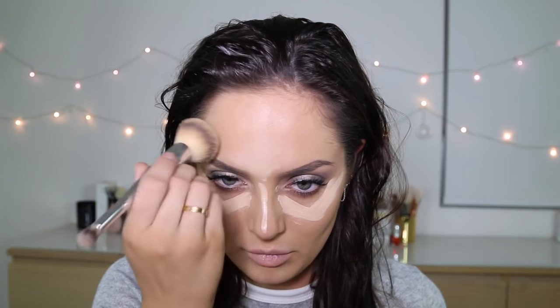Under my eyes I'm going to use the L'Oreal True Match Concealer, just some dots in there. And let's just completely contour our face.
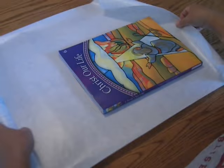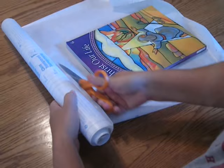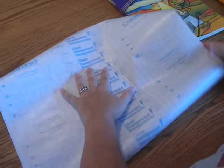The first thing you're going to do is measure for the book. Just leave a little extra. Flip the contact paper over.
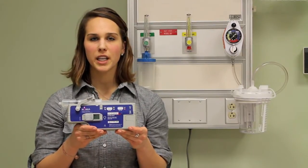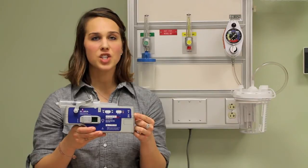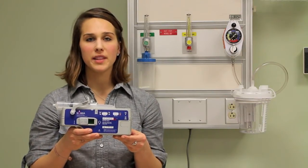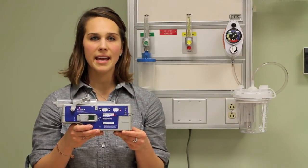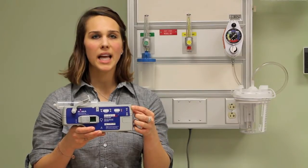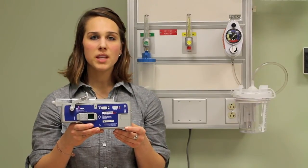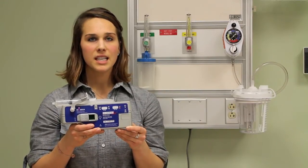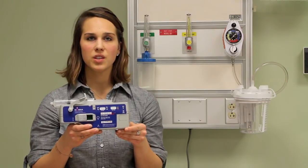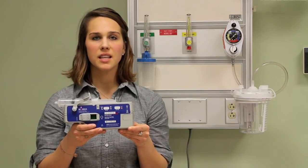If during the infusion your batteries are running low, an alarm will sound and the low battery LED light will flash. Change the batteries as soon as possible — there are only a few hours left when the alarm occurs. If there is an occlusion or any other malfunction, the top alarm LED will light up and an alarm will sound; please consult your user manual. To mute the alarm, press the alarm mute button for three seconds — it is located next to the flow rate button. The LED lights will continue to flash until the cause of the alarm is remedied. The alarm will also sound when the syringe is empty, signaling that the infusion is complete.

[TASK DETAILS]:
Reproduce only the lines from the first line of the listing above up to and including the line that holds "The first thing". Omit the pictures.

[EXERCISE RESPONSE]:
Under my eyes I'm going to use the L'Oreal True Match Concealer, just some dots in there. And let's just completely contour our face.
The first thing you're going to do is measure for the book. Just leave a little extra. Flip the contact paper over.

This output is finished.